[Dataset entries]













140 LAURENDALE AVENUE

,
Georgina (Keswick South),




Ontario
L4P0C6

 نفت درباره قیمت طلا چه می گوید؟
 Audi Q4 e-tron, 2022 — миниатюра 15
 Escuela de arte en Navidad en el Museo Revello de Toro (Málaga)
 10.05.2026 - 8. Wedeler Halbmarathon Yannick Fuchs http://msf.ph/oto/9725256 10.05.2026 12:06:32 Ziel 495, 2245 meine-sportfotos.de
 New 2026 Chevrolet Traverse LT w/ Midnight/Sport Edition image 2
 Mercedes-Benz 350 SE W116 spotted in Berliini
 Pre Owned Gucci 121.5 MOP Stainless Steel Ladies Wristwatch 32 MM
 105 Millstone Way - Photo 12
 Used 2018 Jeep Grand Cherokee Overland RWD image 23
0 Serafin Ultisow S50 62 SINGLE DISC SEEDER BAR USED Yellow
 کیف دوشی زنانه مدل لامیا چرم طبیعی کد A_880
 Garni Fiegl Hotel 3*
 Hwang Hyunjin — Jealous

> [TO DO]: The exact wording of every entry above should be written out again.

> [RESULT OF THIS EXERCISE]:
140 LAURENDALE AVENUE

,
Georgina (Keswick South),




Ontario
L4P0C6

 نفت درباره قیمت طلا چه می گوید؟
 Audi Q4 e-tron, 2022 — миниатюра 15
 Escuela de arte en Navidad en el Museo Revello de Toro (Málaga)
 10.05.2026 - 8. Wedeler Halbmarathon Yannick Fuchs http://msf.ph/oto/9725256 10.05.2026 12:06:32 Ziel 495, 2245 meine-sportfotos.de
 New 2026 Chevrolet Traverse LT w/ Midnight/Sport Edition image 2
 Mercedes-Benz 350 SE W116 spotted in Berliini
 Pre Owned Gucci 121.5 MOP Stainless Steel Ladies Wristwatch 32 MM
 105 Millstone Way - Photo 12
 Used 2018 Jeep Grand Cherokee Overland RWD image 23
0 Serafin Ultisow S50 62 SINGLE DISC SEEDER BAR USED Yellow
 کیف دوشی زنانه مدل لامیا چرم طبیعی کد A_880
 Garni Fiegl Hotel 3*
 Hwang Hyunjin — Jealous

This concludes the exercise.